Government asks smaller banks to cut exposure to firms by 15%, focus more on housing, vehicle, car loans

The small public sector banks must cut their exposure to corporates by a minimum of 15 percent by March 2019, the government has directed the PSBs. Instead the public lenders have been asked by the government to focus more on retail lending.

By: | Published: January 27, 2018 10:37 AM
Budget 2018: Listening to the speeches of the leaders can give quite a direction to where the union budget 2018 is heading. The small public sector banks must cut their exposure to corporates by a minimum of 15 percent by March 2019, the government has directed the smaller PSBs. (Image: Reuters)

The small public sector banks must cut their exposure to corporates by a minimum of 15 percent by March 2019, the government has directed the PSBs. Instead the public lenders have been asked by the government to focus more on retail lending, The Indian Express reported. In a communication to chairpersons and CEOs of PSBs, detailing the government’s reforms agenda, Banking Secretary Rajiv Kumar has said  banks to ensure board-approved policies in place for achieving the loan exposure mix, for which they can pursue asset swaps and sales with the larger banks. Retail loans such as housing, vehicle and car loans typically exhibit low level of non-performing assets, while corporate loans have been mainly responsible for the build-up of stressed assets in the banking system, the report adds. “It is incumbent on PSBs that the trust reposed by the government translates into economic returns for the country. Holistic and wide ranging reforms need to therefore take place alongside, so that this capital is effectively utilised towards faster economic growth,” Kumar said in his letter.
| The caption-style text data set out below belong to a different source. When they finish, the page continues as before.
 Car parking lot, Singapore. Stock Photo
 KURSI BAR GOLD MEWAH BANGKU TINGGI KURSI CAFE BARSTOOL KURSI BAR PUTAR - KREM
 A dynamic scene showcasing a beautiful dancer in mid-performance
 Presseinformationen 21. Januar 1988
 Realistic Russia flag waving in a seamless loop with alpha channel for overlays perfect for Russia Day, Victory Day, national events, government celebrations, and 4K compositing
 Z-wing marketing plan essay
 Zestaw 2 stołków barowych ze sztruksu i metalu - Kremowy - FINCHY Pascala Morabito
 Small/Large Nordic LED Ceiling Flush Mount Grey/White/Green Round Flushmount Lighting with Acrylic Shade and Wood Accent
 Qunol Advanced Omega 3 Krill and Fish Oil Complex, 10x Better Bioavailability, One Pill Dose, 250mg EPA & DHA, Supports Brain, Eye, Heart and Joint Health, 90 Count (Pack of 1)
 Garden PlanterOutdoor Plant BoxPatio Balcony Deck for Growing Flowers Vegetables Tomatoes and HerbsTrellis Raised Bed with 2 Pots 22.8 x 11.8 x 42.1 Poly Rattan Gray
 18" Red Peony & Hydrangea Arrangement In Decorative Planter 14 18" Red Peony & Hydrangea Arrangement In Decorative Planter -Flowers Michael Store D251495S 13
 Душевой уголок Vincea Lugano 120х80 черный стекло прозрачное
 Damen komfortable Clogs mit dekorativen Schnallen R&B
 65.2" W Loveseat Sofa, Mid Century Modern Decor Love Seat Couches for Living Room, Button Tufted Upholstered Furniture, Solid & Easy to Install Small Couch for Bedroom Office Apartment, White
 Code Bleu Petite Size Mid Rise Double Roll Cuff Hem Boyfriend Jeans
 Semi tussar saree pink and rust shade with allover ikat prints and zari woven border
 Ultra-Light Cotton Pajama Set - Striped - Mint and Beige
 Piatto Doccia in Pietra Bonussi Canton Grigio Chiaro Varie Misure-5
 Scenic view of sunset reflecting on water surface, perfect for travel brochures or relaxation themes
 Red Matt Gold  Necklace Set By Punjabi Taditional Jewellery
The government has laid down a roadmap under which the government has asked smaller banks to first cut their corporate loan exposure to either below 40 percent by March 2019 or by at least 15 per cent from the September 2017 level, the Indian Express reported. The government earlier this month sought parliamentary nod for additional Rs 80,000 crore bonds for the PSBs which are sitting on a pile of Rs 9.5 lakh crore bad loans and approved a proposal for infusion of Rs 7,577 crore in 6 weak PSBs. According to CNBC-TV18, Arun Jaitley may choose the Budget presentation day, February 1, to announce bank merger proposals.

Here’s all you need to know in 10 points bank recapitalisation plan

  1. The government plans to recapitalise banks over the next two years improve the lending capacity of the banks.
  2. The Union Cabinet approved a massive Rs 2.11 lakh crore for recapitalisation of banks
  3. Of the 2.11 lakh crore, 1.35 lakh crore will be from front-loaded recapitalisation bonds and remaining 76,000 crore from budgetary allocations and market raising.
  4. Recap Bonds are used as payment for the shares bought by the government to ailing banks in a bid to raise their capitals, without allowing to expand the fiscal deficit target. Its nature will be decided in due course, Arun Jaitley said.
  5. The impact of bank recapitalisation plan on fiscal deficit will depend on nature of bonds. Globally, the issuance of recapitalisation bonds does not impact fiscal spending. The issuance of bonds will also spread over two years.
  6. Finance Minister Arun Jaitley called the step “bold” and said it would be followed by a series of reforms. However, he did not give details on them.
  7. The government will give Rs 18,000 crore to banks under the Indradhanush plan. Introduced in 2015, the Indradhanush plan was meant to infuse Rs 70,000 crore in state-run banks over four years to meet their capital requirement in line with global risk norms, known as Basel-III.
  8. Earlier in 2015-2016, public sector banks were given Rs 25,000 crore, and a similar amount has been earmarked for the following years. Besides, Rs 10,000 crore each would be infused in 2017-18 and 2018-19.
  9. 21 public sector banks account for more than two-thirds of banking assets. These banks also account for a record 9.5 lakh crore of bad loans or non-performing assets.
  10. In India, power, steel, road infrastructure and textiles sectors are the biggest loan defaulters of state-owned banks.